Ride the Ducks boat recovered from bottom of Table Rock Lake
The Missouri attorney general has opened a criminal investigation into the circumstances of a duck boat that sank July 19 on Table Rock Lake near Branson, killing 17 people.
In response to a question from The Star, Missouri Attorney General Josh Hawley’s office confirmed on Monday that it is investigating the possibility of a crime.
“The Office has an open criminal investigation, under the Missouri Merchandising Practices Act, into the duck boat incident at Table Rock Lake,” Mary Compton, spokeswoman for Hawley’s office, said in an email to The Star. “We are working with investigators to determine the facts and whether any criminal charges are appropriate.”
Compton’s statement does not name any individuals or companies.
Ripley Entertainment, which bought the Ride the Ducks operation in Branson in 2017, had little to say about the development.
“As we have consistently stated, our focus is on the families affected by this tragic accident,” Suzanne Smegala-Potts, Ripley spokeswoman, said in an email to The Star. “As the recent National Transportation Safety Board report indicates, we are a party to the investigation and are restrained from commenting on any aspect of it.”
The Missouri Merchandising Practices Act is a consumer protection law that generally forbids fraud or deception in the sale of goods and services.
“Basically it’s any misrepresentation or fraud in connection with the sale of merchandise, which is defined to include services and things like that,” said William Beil, shareholder with Kansas City law firm German May who has handled cases involving the law.
The law is more commonly used in civil matters, but prosecuting attorneys and the Missouri attorney general are allowed to bring criminal charges under the act. Criminal violations of the statute are a class D felony, which can result in a prison term of not more than four years.
“You don’t see it very often in a criminal sense. You see it a lot in civil action, … but there is a criminal provision there,” Beil said.

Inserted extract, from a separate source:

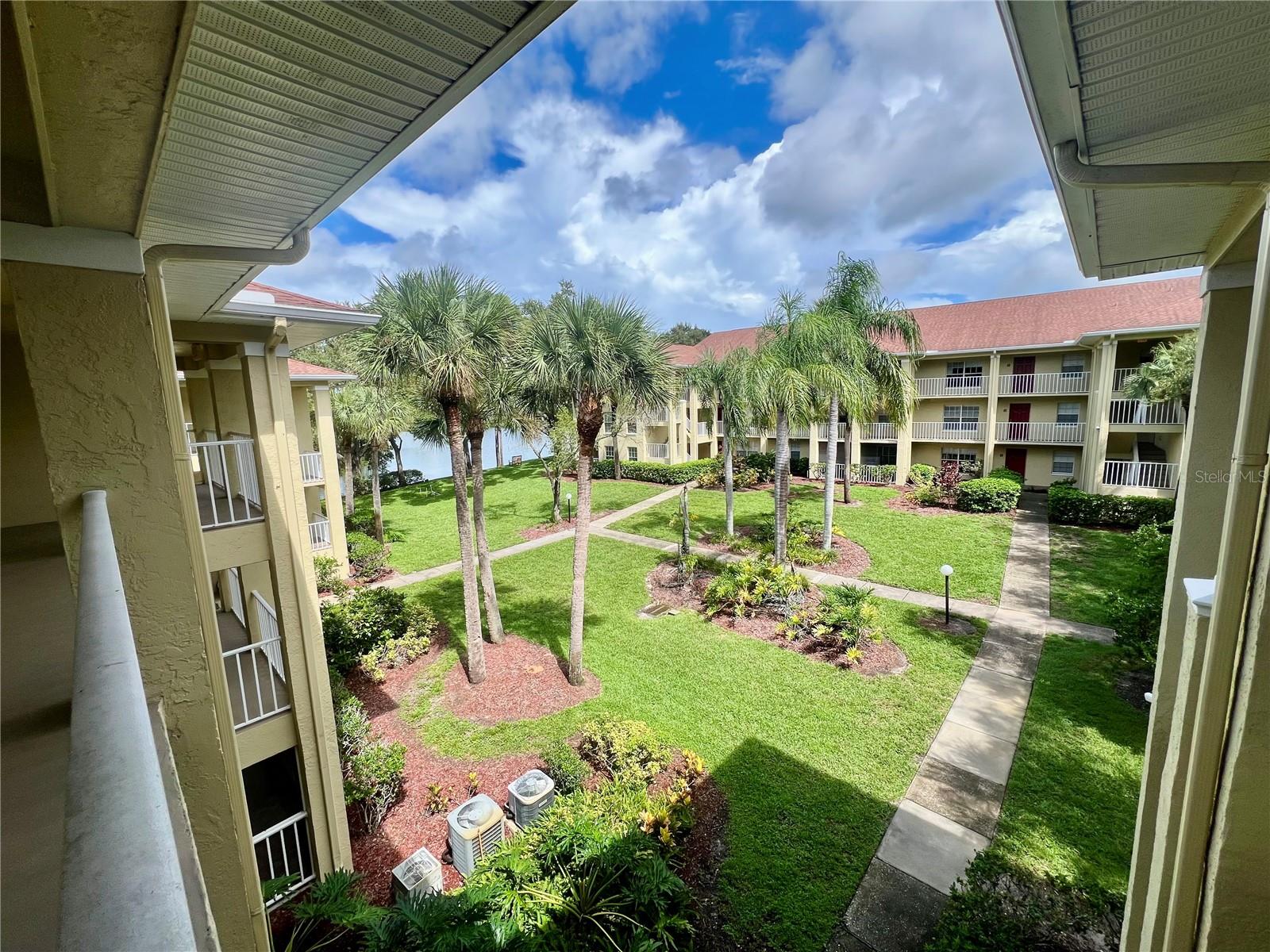 MEADOWLAKE PALM HARBOR CONDO - Residential Lease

It’s not immediately clear what violation the Missouri attorney general is investigating.
“It could be as broad generally as statements regarding the safety of duck boats on the lake to the specific facts of this case, that it would be safe to go out when there’s a thunderstorm warning that has been issued or something like that,” Beil said. “Who knows what they’re going to look into, but it’s pretty wide ranging.”
News of the criminal investigation comes within 24 hours of two civil lawsuits being filed against Ripley Entertainment, Herschend Family Entertainment and Ride the Ducks, accusing the companies of negligence and wrongful death in the July 19 disaster.
The civil lawsuits allege that the companies involved in the Ride the Ducks enterprise knew about the safety risks that duck boats pose, based on previous reports by the National Transportation Safety Board that warned about safety deficiencies with the World War II-era vehicles.
Lawyers said on Monday that 42 people have been killed in North America in duck boat incidents since 1999, when a duck boat in Arkansas sank and killed 13 passengers.
The lawsuits also claim that Ride the Ducks was negligent when it started the Table Rock Lake tour on the evening of July 19 when a severe thunderstorm was approaching the area.